Dir. by Kenji Misumi
Comic book fans the world over are familiar with Kazuo Koike’s Lone Wolf and Cub, one of the best action comics ever, and a magnificent evocation of the dark side of Tokugawa Japan. Perhaps fewer people are aware that they were made into a series of movies. Even fewer realize how deeply committed the protagonist is to attachment parenting and taking children seriously, Ogami Itto isn’t known as “the baby-cart assassin” for nothing.
Sword of Vengeance is the first in a series of six films about Ogami Itto (Tomisaburo Wakayma) and his particular Highway to Hell. The time is the 17th century and the Tokugawa shogunate has imposed a police state on Japan. Ogami is the shogun’s executioner, when the orders a noble to commit seppuku (hara-kiri to us vulgar gaijin), Ogami stands by with his very sharp sword to make sure the deed is completed swiftly. But rivals from the Yagyu clan frame Ogami and arrange for his family to be slaughtered, only Ogami’s son Daigoro (Akihiro Tokayama, the cutest little shaver ever to go a killing spree) survives the massacre. Ogami is ordered to commit seppuku. But Ogami goes off the rails and declines that honor. In a touching scene he asks an uncomprehending Daigoro to chose: a life of murder with dad or instant death by his sword. In short order Ogami takes on the entire Yagyu clan with nothing but a stroller and a bad attitude (it’s quite a stroller though). Having done the unthinkable by refusing to commit seppuku when ordered, he has no choice but to become a hired killer. With Daigoro in tow, every day is Take Your Kid to Work day for Ogami.

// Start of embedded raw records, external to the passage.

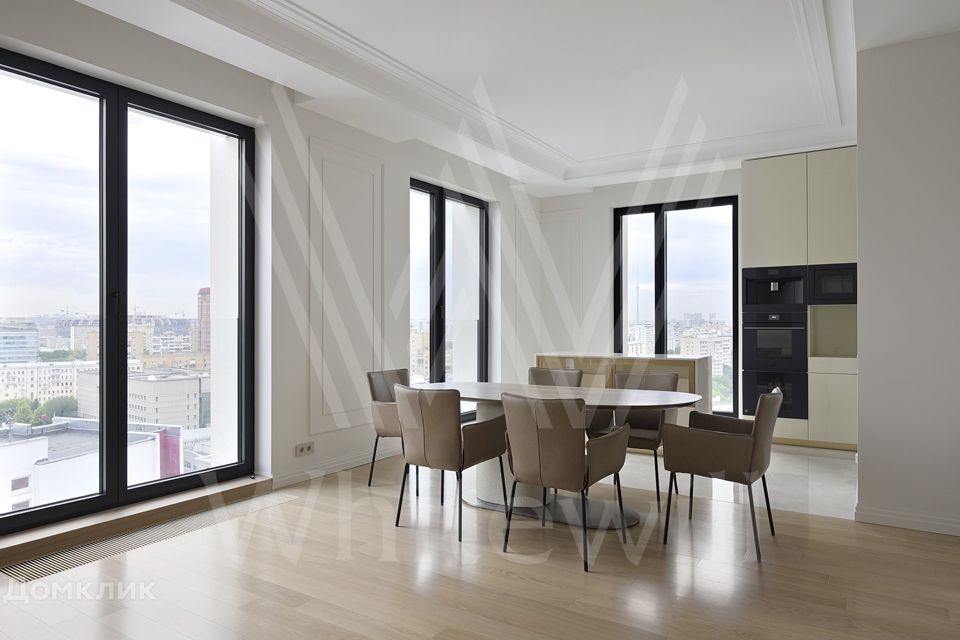 Продаётся 4-комнатная квартира, 121 м²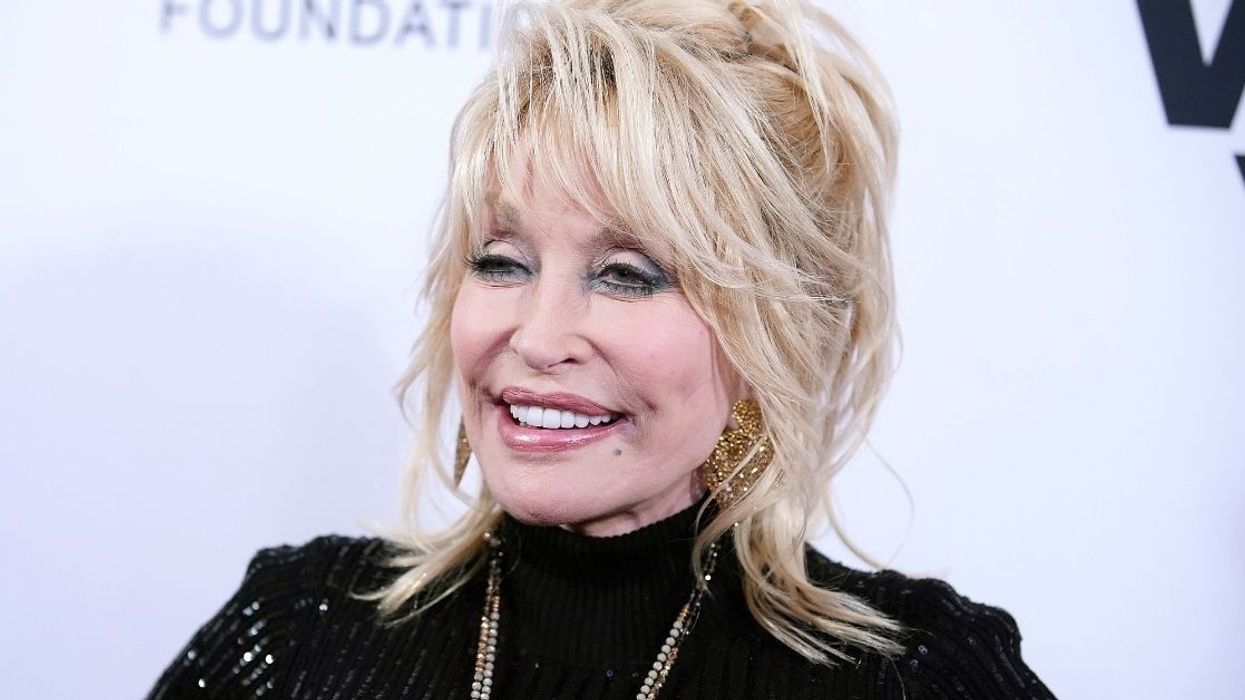 Dolly Parton's Pitch-Perfect Response To Why She Doesn't Have Kids Just Makes Us Love Her More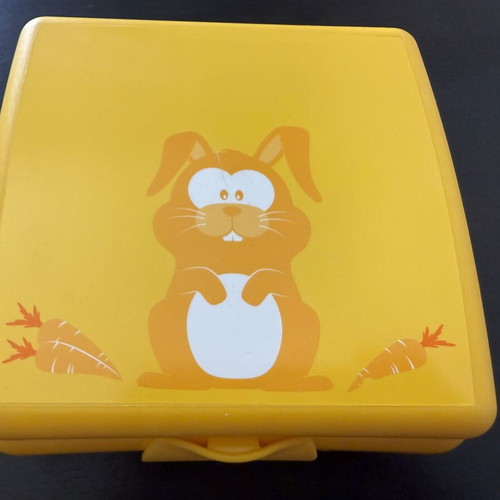Tupperware Bunny Toast Container like new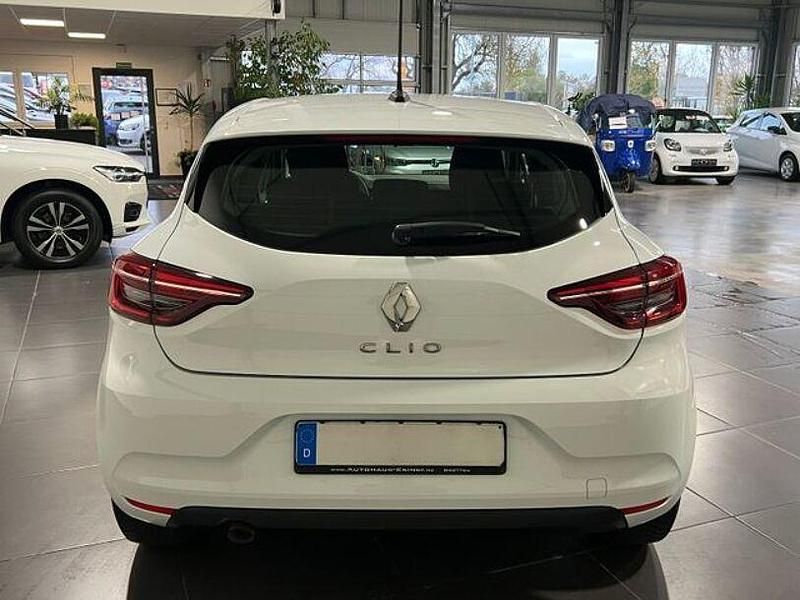 Gebraucht Renault Clio V 67 PS (49 kW) 2020 Weiß Limousine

All of Ogami’s back-story is inter-cut with an account of one of his jobs. It’s a brutal demonstration of just how far out of, not just social norms, but even normal affect Ogami has taken himself in order to be an assassin. The problem is that while the assassination story is good, it can’t bear the weight of Ogami’s fall from grace and the film is rather unbalanced. The one story culminates with a dramatic change in the protagonist while the other ends up with, well, an awful lot of dead guys. In true chanbara fashion, Ogami slices samurai like an automated salami processor. Finally, this may seem a very petty quibble, but I found Tomisaburo Wakayma’s face too fleshy to match the austere visage of Ogami that Koike’s art had burned into my brain.
If you are in love with Lone Wolf and Cub or just like chanbara, you can expect some pretty good stuff here. If you are new to samurai film in general, then consider starting with Yojimbo, or better yet, check out Koike’s comic books first hand.